--- Your assignment ---
Please restate every line below exactly, without any pictures.

--- Dataset content ---
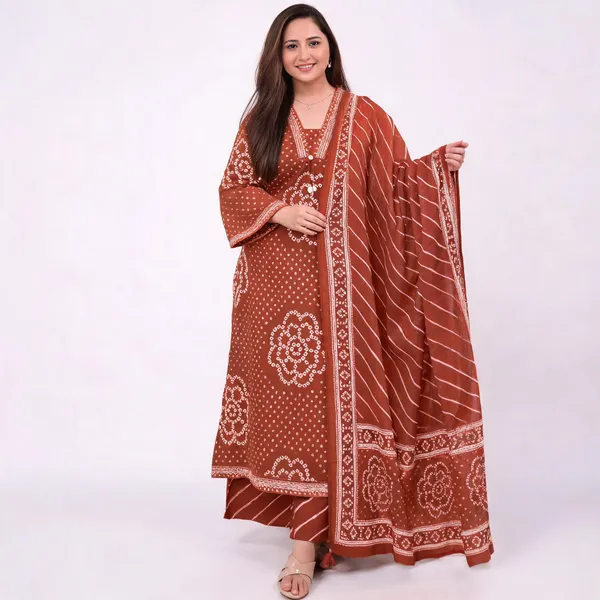Mehroon_Bandhej_Grace_Kurti_Palazzo_Dupatta_Set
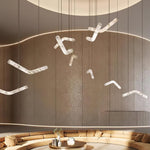 Infinity Alabaster Pendant Light in Brass and Leather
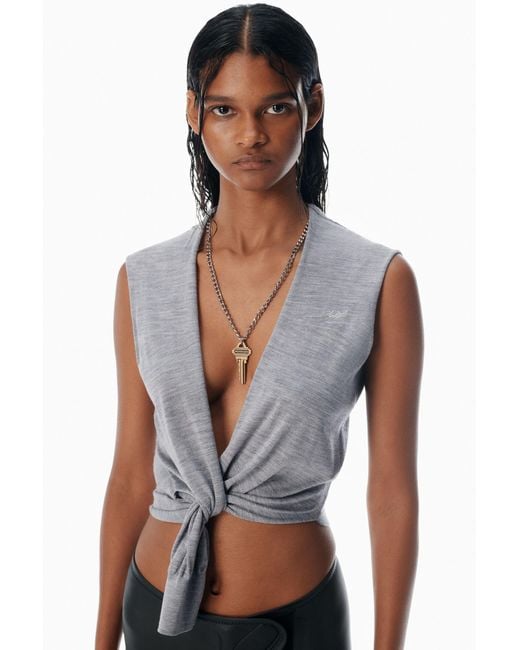 Alexander Wang Merino Wool Nameplate Top in Blue Lyst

--- Finished exercise ---
Mehroon_Bandhej_Grace_Kurti_Palazzo_Dupatta_Set
 Infinity Alabaster Pendant Light in Brass and Leather
 Alexander Wang Merino Wool Nameplate Top in Blue Lyst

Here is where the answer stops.